The bills will call on Fannie and Freddie to begin to sell their massive portfolios of mortgage investments, which keep rates low, and would take away other advantages enjoyed by the companies that banks and private-sector firms don’t have.
They would also end requirements that Fannie and Freddie direct a portion of their business to low- and moderate-income housing and pay the employees of the companies only what counterparts in the federal government earn.
What’s striking about the new GOP plan is that in many ways it mirrors the Obama administration’s approach to shutting down the taxpayer-backed mortgage giants but only on a faster timetable.
What’s also notable is that neither the administration nor the GOP is prepared to endorse a long-term model to replace Fannie and Freddie, which together with the Federal Housing Administration guarantee more than 90 percent of new mortgage loans.
The piecemeal approach could raise the prospect of government action on housing-finance overhaul this year, with some details to be worked out about timing. The administration’s white paper on the subject, released last month, called for hiking fees and requiring larger down payments.
To some degree, the GOP is backing away from calls from some of the party’s members for a rapid elimination of Fannie and Freddie. The Republicans gave an overview of their principles for withdrawing support for the companies as far back as March 2010.
Many Republicans view the companies as primary instigators of the financial crisis, faulty instruments of federal housing policy that helped fuel risky lending practices.
The proposals they intend to release Tuesday will make it more expensive for Fannie and Freddie to do business, costs that will be passed on to borrowers.

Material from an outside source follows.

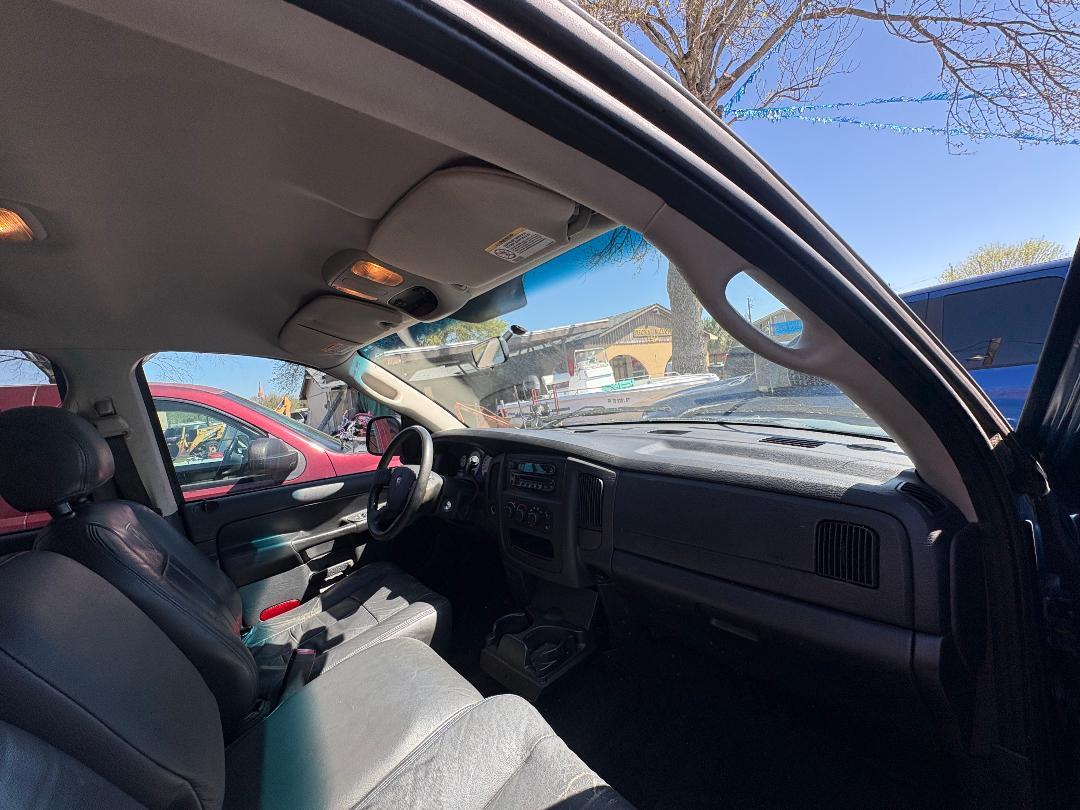 Dodge Ram 1500 ST Quad Cab 2WD 2004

Republicans hope that banks will find less-expensive alternatives, which will attract consumers and reduce Fannie and Freddie’s role in the market.
The Obama administration mostly agrees with the GOP assessment that it is necessary to increase the costs of obtaining Fannie- and Freddie-backed mortgages to bring private-sector firms back into the market.
But it worries that moving too fast to withdraw Fannie and Freddie’s support for housing could further destabilize an already struggling housing market. Fannie, Freddie and the FHA have helped keep the market alive in the past few years.
The Republicans are not prepared Tuesday to make a proposal for a long-term solution.
The administration also avoided commiting to a new approach, instead suggesting three options. All of them do away with Fannie and Freddie. One of them replaces the companies with nothing. Another retains a big presence for the government in the housing market.
The first of the eight bills to be presented Tuesday will increase the authority of the inspector general of the Federal Housing Finance Agency, which oversees Fannie and Freddie. The second will require Fannie and Freddie employees to be subject to the federal payscale.
A third would hike fees over two years, while a fourth would prohibit the firms from entering any new lending markets.
A fifth will require the Treasury to approve any new debt issuance by Fannie and Freddie, and a sixth eliminates the affordable-housing goals.
Finally, a seventh would cap Fannie and Freddie’s portfolios at $250 billion in five years (both portfolios are now nearly around $1 trillion), and an eighth would prohibit mortgages guaranteed by Fannie and Freddie from being exempted from new rules that would require mortgage lenders to take a financial interest in home loans they make.